Decision Theory and Infinite Values
I have been working, in collaboration with Daniel Rubio, on the foundations of decision theory and analyzing the paradoxes related to infinities such as Pascal’s Wager and the Pasadena Game (Nover and Hájek, 2004). In our paper “Surreal Decisions” (PPR, 2018), we propose a decision theory framed entirely in John Conway's (1974) surreal numbers. By using surreal numbers as the values of the utility function and the probability function, we show that many paradoxes of infinite values disappear in finite state spaces. In particular, dominance principles are no longer in conflict with expected utility theory. We are working on a second paper that extends surreal decision theory to the more advanced setting of infinite state spaces, such as the Pasadena Game. As a decision theory that systematically handles infinities and infinitesimals, our surreal theory has applications in value theory, population ethics, and philosophy of religion.

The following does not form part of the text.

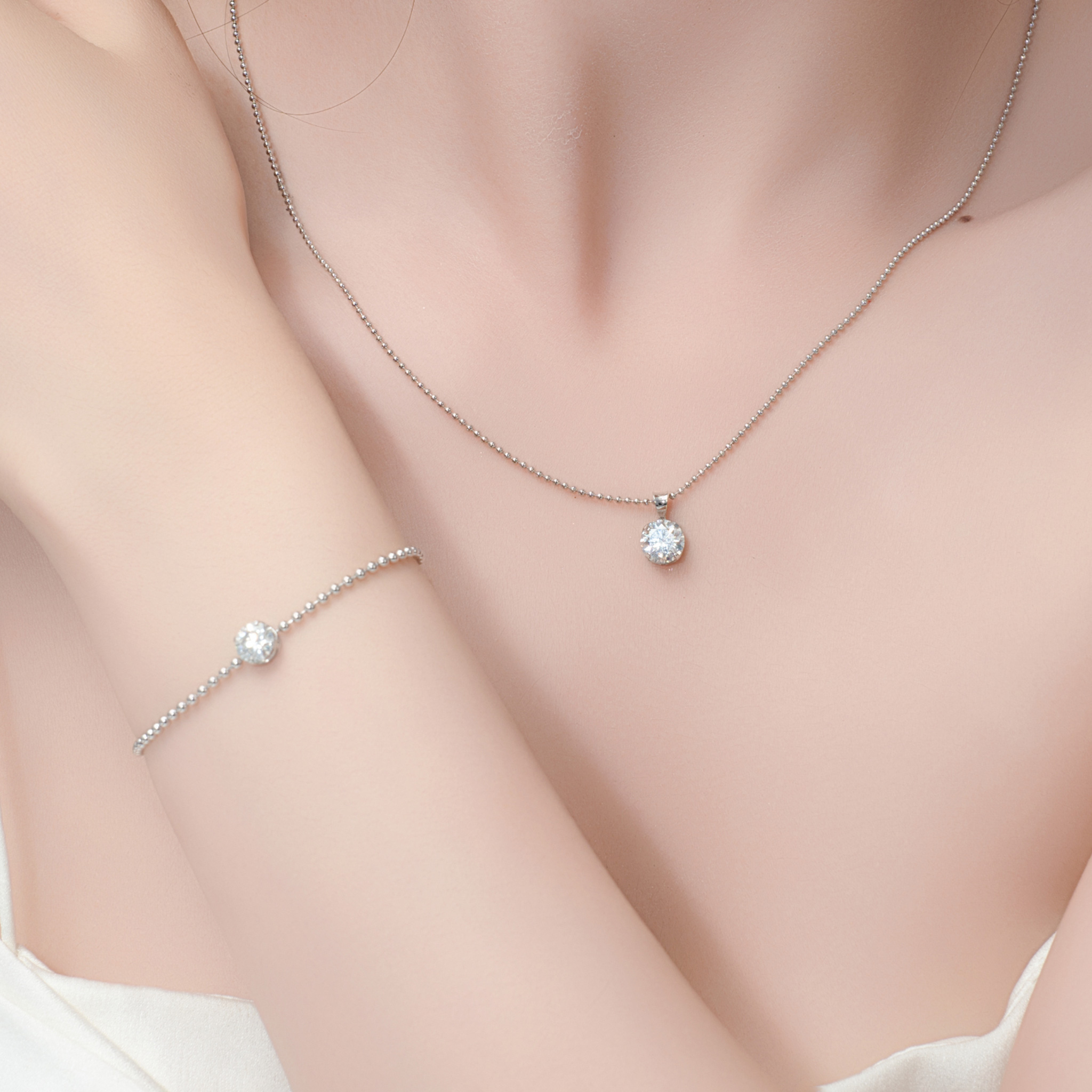Lắc tay mắt bi đính đá moissanite BN Jewelry |6.0 Ly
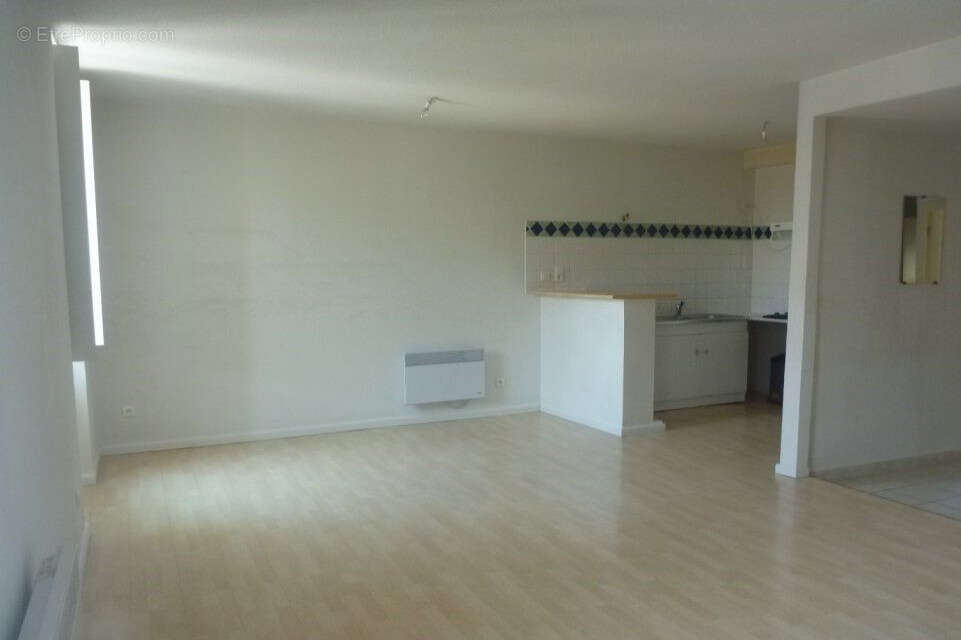 Appartement à LEZIGNAN-CORBIERES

Metaphysics of Mental Qualities
I have another research project about metaphysics of quantities and philosophy of mind. Mental qualities (such as being painful and being conscious) are usually taken to be absolute and monadic. In my paper "Comparativism about the Mind: From Metaphysics of Quantities to the Nature of Mentality," I propose a new hypothesis about the nature of mental qualities: they are fundamentally comparative; for example, being more painful than is more fundamental than being painful. I call this the Comparative Mentality Hypothesis (CMH). CMH is motivated by comparativism about the physical as well as some theories about the mind-body problem. I use color qualities as the main example for CMH, and I provide an axiomatic foundation of color hues in terms of two comparative relations: cyclic-betweenness and cyclic-congruence. They turn out to have the same comparative structure as wave-function phases (Chen 2017a). I draw some consequences from CMH for reductionist physicalism and what David Chalmers (forthcoming) calls micro-idealism. In future work, I will apply CMH to other mental qualities and contrast it with comparativism about subjective probabilities.
Chinese Philosophy
I have two research projects in Chinese philosophy. The first one is at the intersection of classical Chinese philosophy and meta-ethics. In my paper “A Hybrid Voluntarist Interpretation of Xunzi,” I display tensions in the notions of xin (heart/mind), li (rituals), and dao (order) in the work of Xunzi, a prominent early Confucian philosopher, and I draw on Ruth Chang’s (2013a, 2013b) meta-ethical theory of hybrid voluntarism to help resolve these tensions. The second project is about issues related to the “Needham Question” about the history of science in China. I explore the connections between concepts of laws of nature with the concept of Dao in Chinese philosophy.